Earlier this month, the Redmond, Wash.-based company said that Teams has 13 million daily active users. It was the first disclosure of daily usage metrics for the Teams app, which includes group chats, instant messaging and video/audio meeting, along with integration of Microsoft and third-party applications.

Teams launched two years ago and competes first and foremost with Slack, which reported having 10 million daily active users as of late January.

However, Skype for Business Online, which launched in 2014, has also been a competitor to the use of Teams within businesses. Users will no longer be able to access Skype for Business Online after it is retired two years from now, said James Skay, senior product marketing manager in the Intelligent Communications Product Marketing Group at Microsoft.

"Over the last two years, we’ve worked closely with customers to refine Teams, and we now feel we’re at the point that we can confidently recommend it as an upgrade to all Skype for Business Online customers," Skay wrote in a post. "Using Teams, companies across the world are becoming more agile, shortening cycle times, improving the efficiency of key workflows, and cutting out unnecessary overhead. Teams isn’t just an upgrade for Skype for Business Online, it’s a powerful tool that opens the door to an entirely new way of doing business."

The move is a "big deal" both for customers and partners of Microsoft, said Ric Opal, principal at Oak Brook, Ill.-based SWC Technology Partners, a BDO USA LLP company.

Teams is "a platform built for the cloud, versus the Skype platform that was not necessarily initially architected for cloud," Opal said. "You've got a mobile experience that's elegant and that was made for mobile, if you will."

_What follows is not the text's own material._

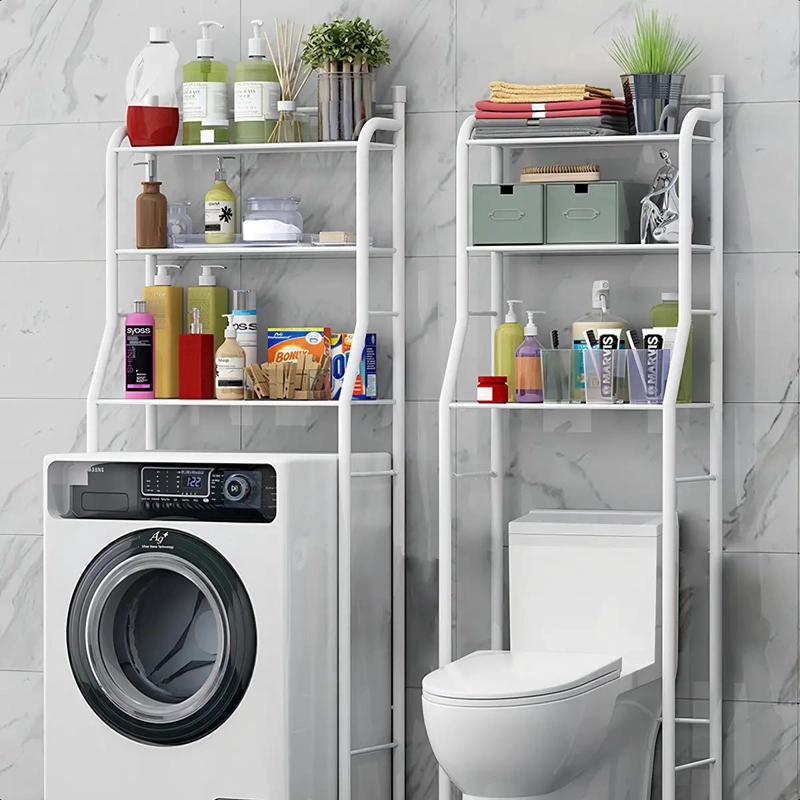 ESTANTE ORGANIZADOR METALICO PARA LAVADORA Y BAÑO CON 3 NIVELES - 3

Teams also harmonizes with changing workforce demographics, which are creating more demand in the workplace for the sort of interface offered by the collaboration app, he said.

"It's not like you're monitoring an inbox. It's more like you're interacting in social media, which I think a lot of people find to be more appealing," Opal said.

Meanwhile, on the partner side, "the opportunity is massive" with Teams to provide everything from security and compliance, to application development, to user enablement and adoption, he said.

"The need for the user to understand and buy in is critical. Because unless you've got 100 percent buy-in, you don't have 100 percent return," Opal said.

CRN has reached out to Microsoft for comment on the implications of the announcement for partners.

Jim Banach, practice group lead for workplace at Washington, D.C.-based New Signature, No. 407 on the CRN Solution Provider 500, said the transition from Skype for Business to Teams has been widely expected.

"Directionally, Microsoft has been sharing this path with customers and partners for a few years now, and has put this into practice for smaller customers for a few months now," Banach said in an email to CRN. "It’s good to see that they are setting a direction for all customers now."

The Teams app has received "rapid feature advancements in the last year," he noted.

"This announcement shows that Microsoft has the confidence that Teams is ready for customers that have made the decision to bring their communications and collaboration solutions to the Microsoft cloud," Banach said.